I’ve taught drawing and painting for 10 years now. I’ve seen a lot of portfolios. I’ve critiqued thousands of assignments. And the problems I saw in student work back when I first started teaching are the same one’s I’m still seeing now. These are fundamental issues that don’t change with the latest version of photoshop or even what century you live in.

Before we jump in, I want to quickly mention that I’m working on a drawing basics course. It’s meant to be a new artist’s first course, to get you started doing the right things and hit the ground running. If you don’t want to miss it when it comes out, get on the newsletter.

So, here are 5 shading mistakes you’re probably making, and how to fix them.

#5 – Icing Before Cake

I meet artists all the time who are just starting out, and they’re practicing techniques and anatomy and shading details and all this really cool stuff… But it’s not making their drawings better. Why is that?

While they’re focused on all the fancy fun stuff, they’re making huge proportion mistakes, their perspective is off, and their gesture is stiff. That’s not even icing before cake, that’s icing without cake. You’ve got to build your pictures and your skills with the fundamentals first.

Each concept builds on the last. Surface stuff like anatomy, techniques and rendering details are all at the tippy-top; awesome but initially unnecessary and less important than the stuff at the bottom. You can’t shade correctly if you don’t know the simple form; you can’t draw the simple form if you don’t understand perspective; The forms don’t matter if you can’t draw a straight line, keep your proportions in check or establish a dynamic pose.

Below are some drawings I did a few years into my studies. If you think it’s really good, you’ve fallen for my tricks. At this point in my development I got good at shading. But it’s filled with structural errors. I didn’t really understand form. I just learned some effective tricks to make the drawing appear 3D. An exaggerated core shadow, some reflected light, and a bright highlight as a cherry on top. Wow, it’s so easy! But it’s all just a cheap distraction from the uninformed construction.

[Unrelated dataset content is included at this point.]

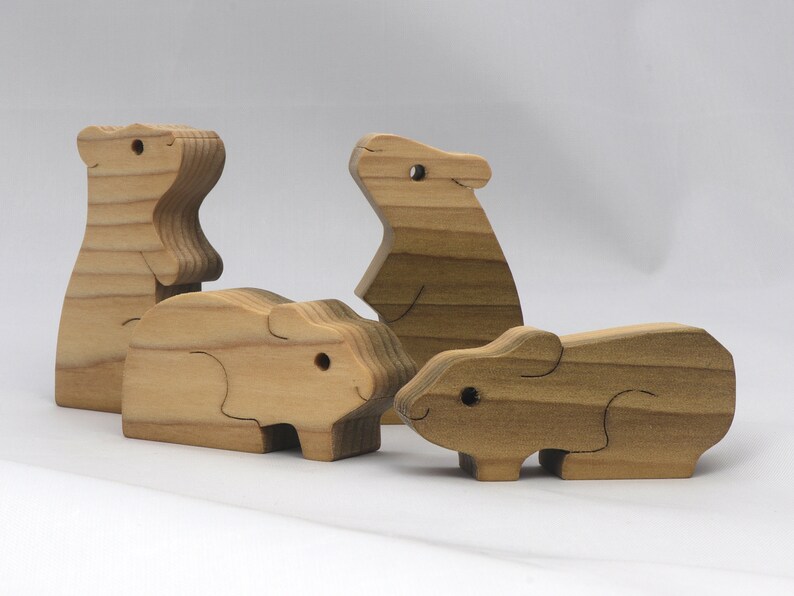Handmade Wooden Stacking Puzzle Guinea Pig Family, Mom, and Babies finished with a non-toxic custom blend of mineral oil and waxes. This wooden toy animal is perfect for imaginative play and an excellent gift for children.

The icing might be the part that makes it look pretty or makes it stand out, but icing by itself is gross… It’s empty calories. Remember this every time you want to draw eyelashes before the eye socket.

#4 – Bad reference

Whoa, hold up guys, I just got tagged and I’ve got to take a selfie… let’s see… First, camera up high, very slimming. Kinda dark in here, turn flash on… Click… Alright, now I’ve got to choose a nice filter… Hmm… Tweak that a little bit… Perfect.

A photo like that is distorted and edited. It might be flattering or maybe even a good photo, but photography and drawing are two different fields. Something that makes a good photo won’t necessarily make good reference for drawing.

Drawing from bad photos is super common, and super easy to fix. I wrote a blog post about it ages ago, so you can go there for a more detailed lesson on what makes good photo reference. But to paraphrase… 

When looking for reference, look for photos with good lighting and clear shadows. This will translate into a dimensional drawing. Drawing from a flash photo with no shadows makes it much harder to define the forms in your drawing. It’s possible, I’ve done it, but it takes a trained eye and ability to use subtle halftones to define the forms. Beginners usually end up with flat, muddy looking patches of tone. If you’re just getting started, I recommend sticking to photos with lighting that clearly defines the forms.

You can find photo packs made specifically for artists that have good lighting and minimal touch-ups. I’ve got some here. In the long run, the best thing to do is learn how to take your own reference photos. And if you can draw from life instead, that’s better than any photo.

#3 – Outlines

There’s always a silver lining, but there’s also not, because the real world doesn’t have outlines. Yet as beginners, we all start by drawing thick, dark outlines around everything. Now, there’s nothing wrong with linear drawing or cartoons if that’s your intention. But if you’re trying to draw realistically, you need to be thoughtful about your outlines. It’s ok to use them. It’s a mistake to overuse them, or use them as a crutch.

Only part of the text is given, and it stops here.